Она долго молчала. Но собралась с духом и ответила:
- Я это знаю, что ты единственный мой и чудесны поэмы твои для меня: ты мне доказал себя как единственного, душа твоя мне открыта. Но ты забываешь одно, что я женщина и каждый, кого бы я ни поманила, принёс бы мне обыкновенный цветок. Мне грустно и теперь, что лучшее в мире, то, из-за чего длится жизнь на земле, то, что в тайне души все ждут и на что надеются, наша страстная святая любовь прошла у нас без цветка.
Погрустив немного с подругой моей о цветке обыкновенном, мы вспомнили, что сегодня первое мая и в лесах теперь есть, наверно, много первых цветов.
- Не нами, милая, - сказал, - созданы эти мучения, из-за которых я забыл обыкновенные оранжерейные цветы, воспитанные людьми. Не вини меня. Но в леса теперь для нас послано много цветов, мы скоро будем ходить по цветам, как по коврам.
Май. Л. сидела за столом возле зеркала и выписывала из моего дневника ценные мысли. Я сидел за тем же столом напротив, занятый той же работой.

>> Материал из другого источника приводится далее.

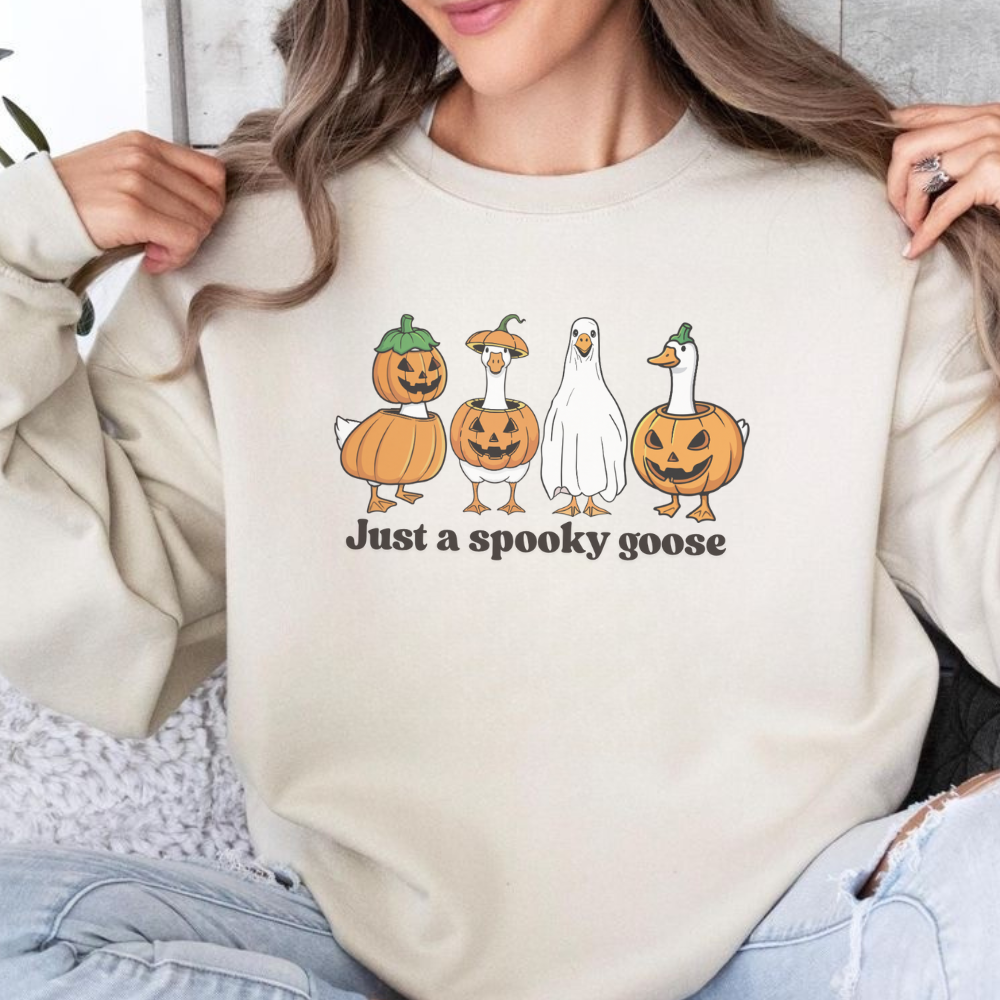 Just a Spooky Goose Sweatshirt | Funny Halloween Goose Crewneck | Cute Ghost Goose Pullover | Spooky Season Fall Aesthetic Sweater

Вот я заметил в ней перемену на лице. Я понял, что она мысль нашла какую-то большую, такую, наверно, что мы оба разными путями к ней подошли, я это понял и радостно ожидал её откровенного признания. Но, блуждая где-то далеко своей мыслью, напрягаясь, чтобы выразить эту мысль ясными словами, она заметила бумажку, приколотую булавкой к стене под зеркалом. Заметив эту бумажку, она быстро карандашом сделала на ней отметку.
- Что это, - удивился я ей, - ты записала какую-то мысль?
- Нет, - ответила Л., - я вспомнила, что хозяин отвесил сегодня нам 12 кило картофеля и хозяйка дала 3 кружки молока: я и записала.
- Но ведь ты перед этим сказала, что тебя поразила какая-то мысль?